Royal Oak, Seems to get Hott enuff and last alittle longer.. I've tried sams lump before and it was just way too big..


----------



## Fishermon (Oct 19, 2007)

Thank you all for the replies.


----------



## jep (Apr 8, 2013)

Royal Oak is the stuff Big Green Egg rebrands for their own, check out the naked whiz's site for a good review of all the different brands and tons of other good info.

http://www.nakedwhiz.com/ceramic.htm


----------



## WhyMe (Apr 21, 2013)

Royal oak for me as well.
WhyMe 
Mako My Dayo


----------



## boatnbob (May 31, 2009)

*Royal Oak for me as well, Sam's Choice sucks*

I had been using the RO for a few years. I tried Sam's choice a couple of times and the other poster was correct. It is large, but the worst is at the bottom 1/3. Dust and pieces to small to use. It is not worth buying. Perhaps others have had better luck, but for me, RO is my go to!

Cheers,

Bob


----------



## Jason (Oct 2, 2007)

This is an older thread, but I just ran into "ohhhhh crap I don't have much coal left"!!!! Sooooo I had a discount card fer ACE and I have seen lump coal there before so I went to get some.... The majority that they have is Cowboy Coal (mostly rock) which bites....But they had 1 older bag of Kamado Joe (22 lbs $20.00) and 1 bag of Grill Mark (18 lbs $10.00). The Grill Mark actually feels heavier and sounds like the pieces are decent size. The Kamado Joe is probably just like the BGE brand just in another package.


----------



## Tofnda (Aug 11, 2014)

walmart here and it works great


----------



## Jason (Oct 2, 2007)

Jason said:


> This is an older thread, but I just ran into "ohhhhh crap I don't have much coal left"!!!! Sooooo I had a discount card fer ACE and I have seen lump coal there before so I went to get some.... The majority that they have is Cowboy Coal (mostly rock) which bites....But they had 1 older bag of Kamado Joe (22 lbs $20.00) and 1 bag of Grill Mark (18 lbs $10.00). The Grill Mark actually feels heavier and sounds like the pieces are decent size. The Kamado Joe is probably just like the BGE brand just in another package.

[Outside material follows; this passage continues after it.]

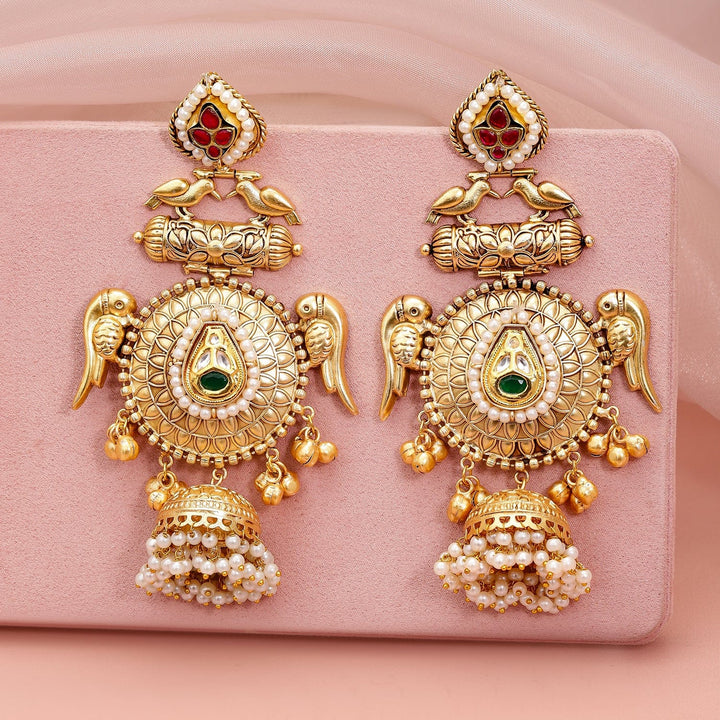 Rubans 24K Gold-Plated Luxurious Jhumka Earrings with Green Stones, Red Accents & Pearls Jhumka Earrings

Holy Cow is all I gotta say!!! I cooked 2 buts fer over 10 hours and used the mix of Kamado/Grill Mark and I was amazed to see how much coal was left! I didn't burn much coal at all!!! :notworthy::thumbup:


----------



## Paymaster (Jan 9, 2012)

I use BGE or Frontier in my Akorn. But I will use other lump brands when I find it on sale.


----------



## denrem (Jul 18, 2011)

I use Mesquite Lump Charcoal from Sam's Club - 20 lbs for less than $10.


----------